### PROBLEM REQUIREMENTS
Write out the entries below exactly, but only from the line containing "this 240×240 image." through the line containing "this 1200×675 image.", and without the pictures.

### DATASET RECORDS
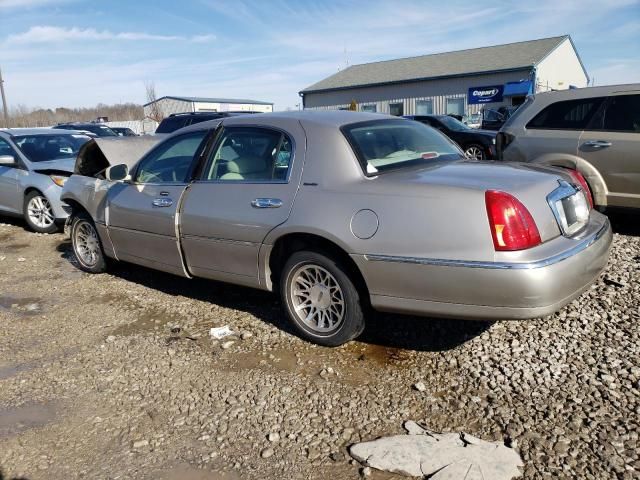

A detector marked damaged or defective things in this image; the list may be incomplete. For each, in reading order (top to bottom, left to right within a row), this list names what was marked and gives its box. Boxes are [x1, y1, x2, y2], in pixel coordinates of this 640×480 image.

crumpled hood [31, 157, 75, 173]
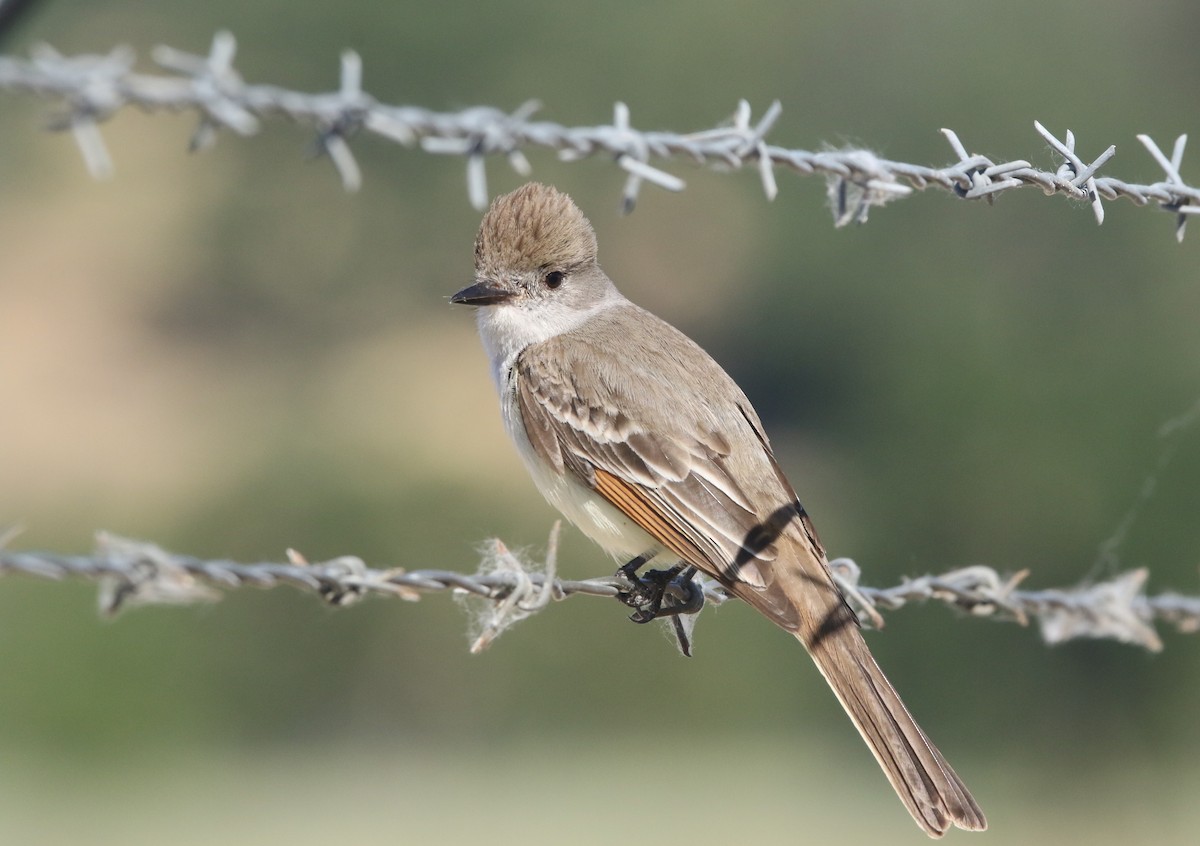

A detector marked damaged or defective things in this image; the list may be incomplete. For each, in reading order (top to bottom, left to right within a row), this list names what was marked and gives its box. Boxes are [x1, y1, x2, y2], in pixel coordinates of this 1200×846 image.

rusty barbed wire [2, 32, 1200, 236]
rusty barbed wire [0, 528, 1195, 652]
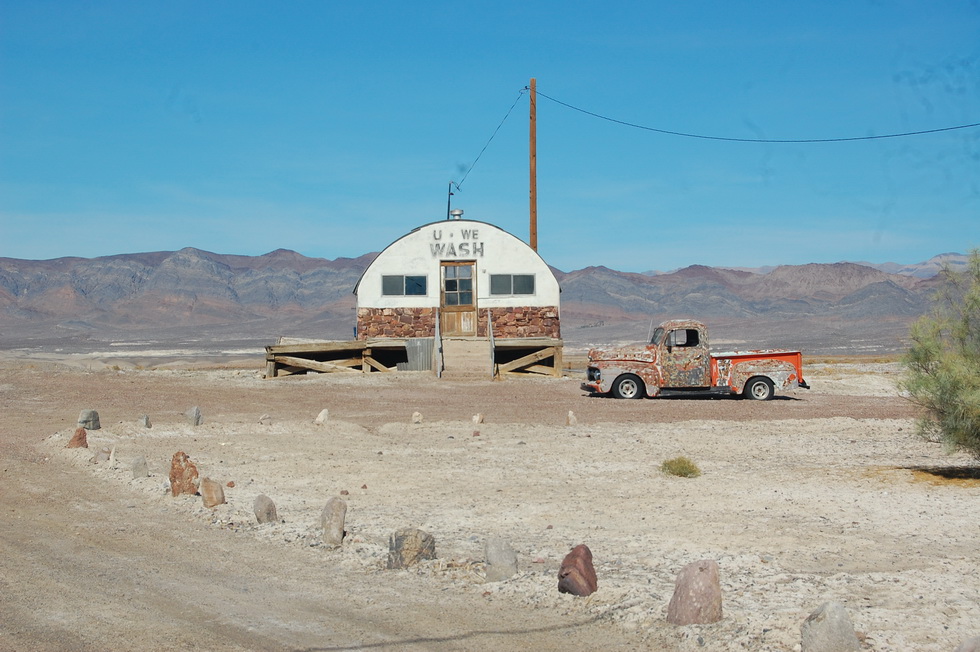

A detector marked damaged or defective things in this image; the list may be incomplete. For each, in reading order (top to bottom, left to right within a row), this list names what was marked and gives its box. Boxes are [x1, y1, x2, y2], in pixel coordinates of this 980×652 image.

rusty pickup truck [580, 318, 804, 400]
---
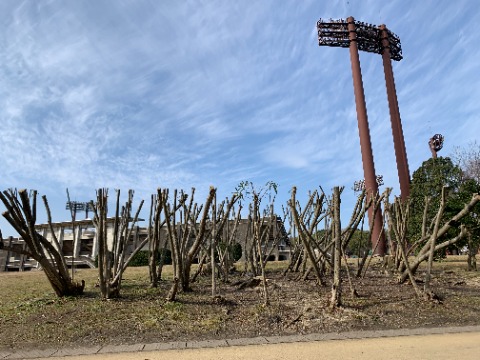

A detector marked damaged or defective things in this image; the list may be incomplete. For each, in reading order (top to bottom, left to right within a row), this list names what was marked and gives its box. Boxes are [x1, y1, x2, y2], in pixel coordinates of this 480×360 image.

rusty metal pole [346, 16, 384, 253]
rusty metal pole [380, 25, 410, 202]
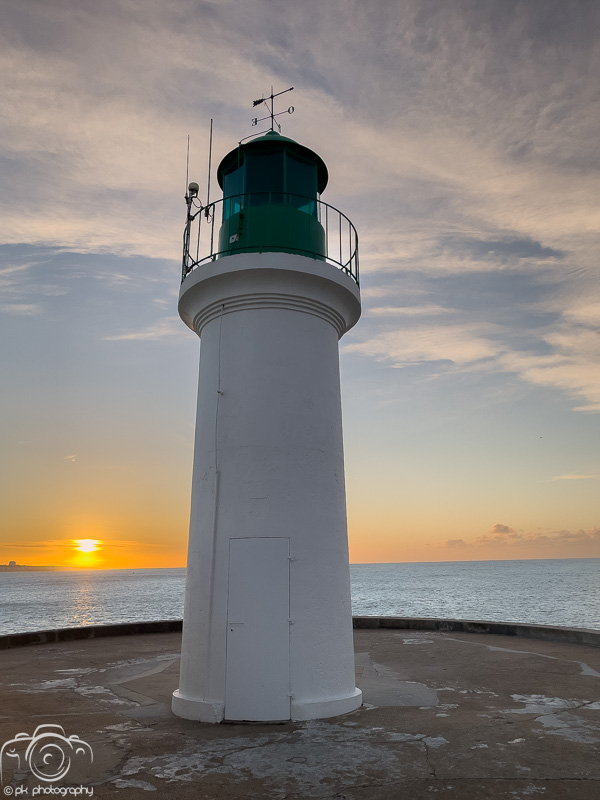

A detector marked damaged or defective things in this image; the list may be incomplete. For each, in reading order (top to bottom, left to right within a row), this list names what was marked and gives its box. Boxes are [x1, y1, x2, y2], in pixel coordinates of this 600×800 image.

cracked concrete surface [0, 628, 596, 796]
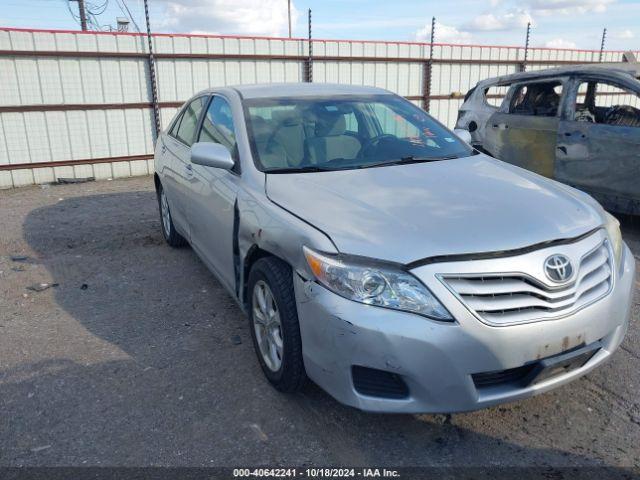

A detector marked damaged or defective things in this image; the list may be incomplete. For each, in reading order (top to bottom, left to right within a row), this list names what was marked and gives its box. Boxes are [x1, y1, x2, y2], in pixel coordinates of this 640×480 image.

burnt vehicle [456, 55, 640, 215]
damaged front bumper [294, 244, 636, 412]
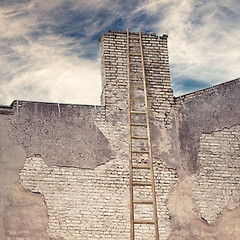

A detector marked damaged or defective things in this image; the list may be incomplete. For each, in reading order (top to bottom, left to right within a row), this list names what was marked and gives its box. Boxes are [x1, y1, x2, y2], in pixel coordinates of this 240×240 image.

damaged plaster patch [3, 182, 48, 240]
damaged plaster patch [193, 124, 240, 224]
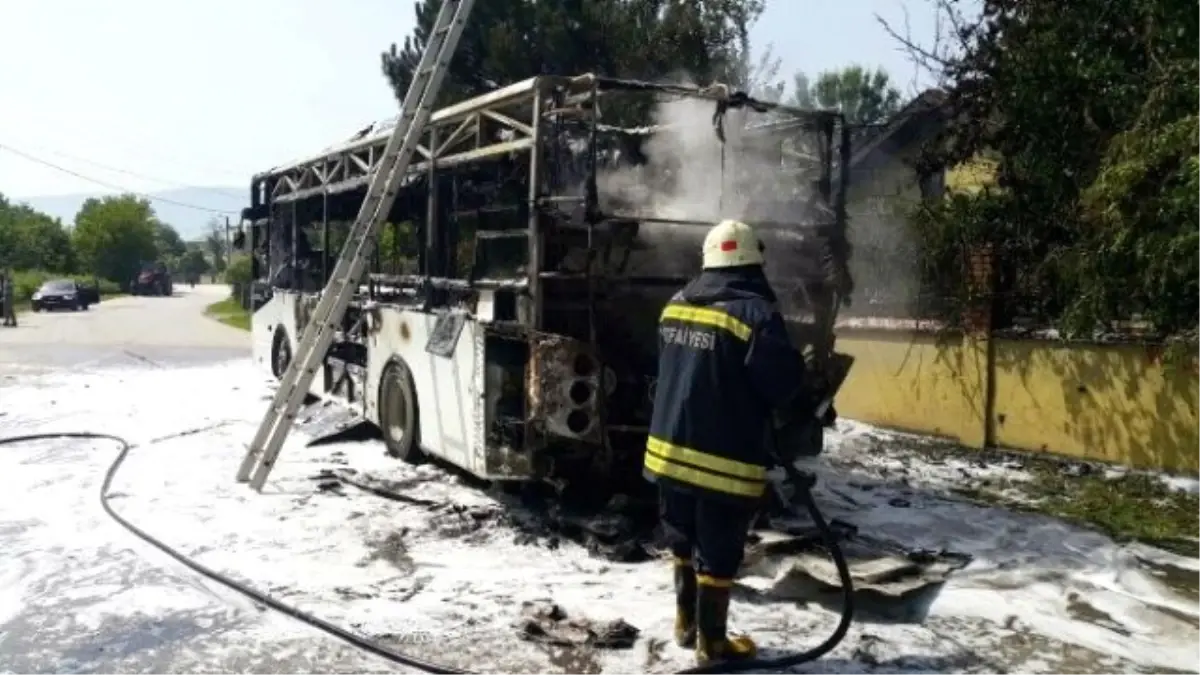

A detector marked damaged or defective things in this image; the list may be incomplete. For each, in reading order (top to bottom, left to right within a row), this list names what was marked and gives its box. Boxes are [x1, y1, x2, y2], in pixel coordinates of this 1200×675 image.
* * *
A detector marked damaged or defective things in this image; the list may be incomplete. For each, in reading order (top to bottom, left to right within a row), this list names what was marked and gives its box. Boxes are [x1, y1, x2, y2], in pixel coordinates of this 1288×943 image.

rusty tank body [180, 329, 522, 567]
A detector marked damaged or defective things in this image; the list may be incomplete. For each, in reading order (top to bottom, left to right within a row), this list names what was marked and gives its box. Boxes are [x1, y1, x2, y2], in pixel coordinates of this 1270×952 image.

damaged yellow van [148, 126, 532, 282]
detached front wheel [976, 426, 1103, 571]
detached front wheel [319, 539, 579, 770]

### ANSWER TO THIS EXERCISE
A detector marked damaged or defective things in this image; the list may be incomplete. For each, in reading order (top to bottom, left to right within a row), this list names what was marked and gives its box. Boxes are [x1, y1, x2, y2], in pixel coordinates of this 240×240 image.

damaged plaster patch [3, 182, 48, 240]
damaged plaster patch [193, 124, 240, 224]

A detector marked damaged or defective things in this image; the list may be incomplete. For each, in reading order (top to bottom, left to right within a row), this list names what was marked and gives its box. Boxes are [x1, y1, x2, y2], in pixel coordinates of this 1200×675 image.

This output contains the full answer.